Osmanlı İmparatorluğu'nda gayr-i müslim tebaa arasında da âyânlara benzeyen
gruplar vardı. Bunlarda kocabaşılardır. Kocabaşıların hristiyan ahalide,
devletle cemâat arasındaki ilişkiyi düzenleyen ve vergileri toplayan çorbacılar
oldukları bilinmektedir (s. 4-5).
Osmanlı İmparatorluğumda XVI. yüzyılın
ikinci yarısından itibaren ülke çapındaki hoşnutsuzluk birtakım hareketlerin
doğmasına temel hazırlamıştır. Bu hareketlerin en başında geleni Suhte
(Softa/Medrese öğrencileri) isyanları olmuştur.

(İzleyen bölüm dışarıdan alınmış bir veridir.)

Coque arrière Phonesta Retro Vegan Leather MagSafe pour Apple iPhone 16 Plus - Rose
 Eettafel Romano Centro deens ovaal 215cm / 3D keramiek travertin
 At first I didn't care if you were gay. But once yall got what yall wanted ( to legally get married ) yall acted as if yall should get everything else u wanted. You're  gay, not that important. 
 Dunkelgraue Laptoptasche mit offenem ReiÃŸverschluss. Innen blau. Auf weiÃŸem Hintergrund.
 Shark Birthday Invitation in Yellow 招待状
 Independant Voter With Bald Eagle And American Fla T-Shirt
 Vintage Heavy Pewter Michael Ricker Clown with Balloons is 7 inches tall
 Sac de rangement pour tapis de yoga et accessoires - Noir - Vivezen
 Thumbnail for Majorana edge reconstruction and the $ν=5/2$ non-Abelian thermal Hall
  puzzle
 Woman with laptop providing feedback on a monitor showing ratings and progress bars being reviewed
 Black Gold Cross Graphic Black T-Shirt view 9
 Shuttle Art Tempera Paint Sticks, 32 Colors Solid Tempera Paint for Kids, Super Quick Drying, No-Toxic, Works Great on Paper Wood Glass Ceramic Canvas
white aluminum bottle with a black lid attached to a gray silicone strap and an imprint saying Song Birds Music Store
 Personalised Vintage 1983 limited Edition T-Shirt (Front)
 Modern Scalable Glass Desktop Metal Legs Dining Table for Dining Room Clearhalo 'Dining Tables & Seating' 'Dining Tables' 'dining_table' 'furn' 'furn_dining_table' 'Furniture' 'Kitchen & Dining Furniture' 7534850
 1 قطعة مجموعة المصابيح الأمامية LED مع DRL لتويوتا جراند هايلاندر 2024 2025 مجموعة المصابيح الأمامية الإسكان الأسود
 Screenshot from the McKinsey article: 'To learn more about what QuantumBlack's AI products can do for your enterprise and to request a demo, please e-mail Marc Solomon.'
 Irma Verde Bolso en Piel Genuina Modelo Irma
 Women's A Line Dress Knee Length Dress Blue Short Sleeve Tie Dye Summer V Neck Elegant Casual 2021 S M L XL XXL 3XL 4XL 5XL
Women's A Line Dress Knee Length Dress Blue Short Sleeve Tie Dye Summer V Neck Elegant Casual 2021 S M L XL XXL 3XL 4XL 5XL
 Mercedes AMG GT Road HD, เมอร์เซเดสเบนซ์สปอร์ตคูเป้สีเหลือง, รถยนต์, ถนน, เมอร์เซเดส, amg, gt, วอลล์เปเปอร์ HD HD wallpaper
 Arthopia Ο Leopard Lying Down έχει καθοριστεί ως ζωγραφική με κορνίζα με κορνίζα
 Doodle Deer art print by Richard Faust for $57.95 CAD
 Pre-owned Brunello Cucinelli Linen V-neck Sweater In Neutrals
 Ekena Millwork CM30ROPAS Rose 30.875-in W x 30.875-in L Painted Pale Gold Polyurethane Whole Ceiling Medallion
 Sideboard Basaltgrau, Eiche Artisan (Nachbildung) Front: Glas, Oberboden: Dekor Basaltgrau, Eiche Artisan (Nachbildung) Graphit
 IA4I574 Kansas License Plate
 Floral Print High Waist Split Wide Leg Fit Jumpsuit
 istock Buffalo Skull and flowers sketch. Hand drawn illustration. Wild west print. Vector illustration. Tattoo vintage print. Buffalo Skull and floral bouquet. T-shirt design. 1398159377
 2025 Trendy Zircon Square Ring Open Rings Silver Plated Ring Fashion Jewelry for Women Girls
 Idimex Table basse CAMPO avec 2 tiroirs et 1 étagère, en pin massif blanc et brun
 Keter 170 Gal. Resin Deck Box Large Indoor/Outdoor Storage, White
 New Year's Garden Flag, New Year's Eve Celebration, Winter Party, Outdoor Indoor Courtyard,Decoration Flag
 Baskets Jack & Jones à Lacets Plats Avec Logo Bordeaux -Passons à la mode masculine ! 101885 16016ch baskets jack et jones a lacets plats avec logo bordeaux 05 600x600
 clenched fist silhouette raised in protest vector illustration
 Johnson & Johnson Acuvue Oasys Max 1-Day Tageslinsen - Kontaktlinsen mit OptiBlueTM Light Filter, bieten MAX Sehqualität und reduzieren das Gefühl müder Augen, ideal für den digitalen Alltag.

İsyan 1566-1574 yılları arasında en
şiddetli halini almıştır. Bu devrede suhteler zenginlerin malını talan etmiş,
köylerde eşkiyalık yapmış, hatta işi şehir basmaya kadar götürmüşlerdir.
Suhte isyanlarının etkisini fazla
göstermediği yıllarda bu defa Sarıca Sekban adı verilen kişilerin birtakım
hareketleri başlamıştır.
…bu zümreler beylerbeyi ve sancakbeylerin
ölümleri veya azli sonucunda kapısız kalmışlardır. Kapısız kalan bu zümreler
XVI. yüzyılda atlarını ve kendilerini doyurmak için köy ve kasabalara
gitmişler, halktan bedava yemek ve paralarını almak suretiyle birtakım eşkıyalık
hareketlerine girişmişlerdir (s. 7-8).
Sekbanlardan bir zümre olan Leventlerin de
XVIIII. yüzyılda da pek çok eşkıyalık hareketleri görülmüştür (s. 8).
İltizam usulünün etkisiyle köylünün
toprağından kopması, 1530-1580 arasında muazzam bir işsizlik nüfusunun artması
(…) karışıklıklar artmış ve bunların üstüne Celali olayları yaşanmıştır.
Büyük bir buhrana sebep olan celâli
hareketi nedeniyle birçok köylü can ve mal güvenliği kalmadığından yerlerini
terk etmek zorunda kalmışlardır. Onların bu şekilde yerlerini terk etmeleri
nedeniyle geçimleri bu sisteme bağlı olan Tımarlı sipahileri çok zayıflatmıştı.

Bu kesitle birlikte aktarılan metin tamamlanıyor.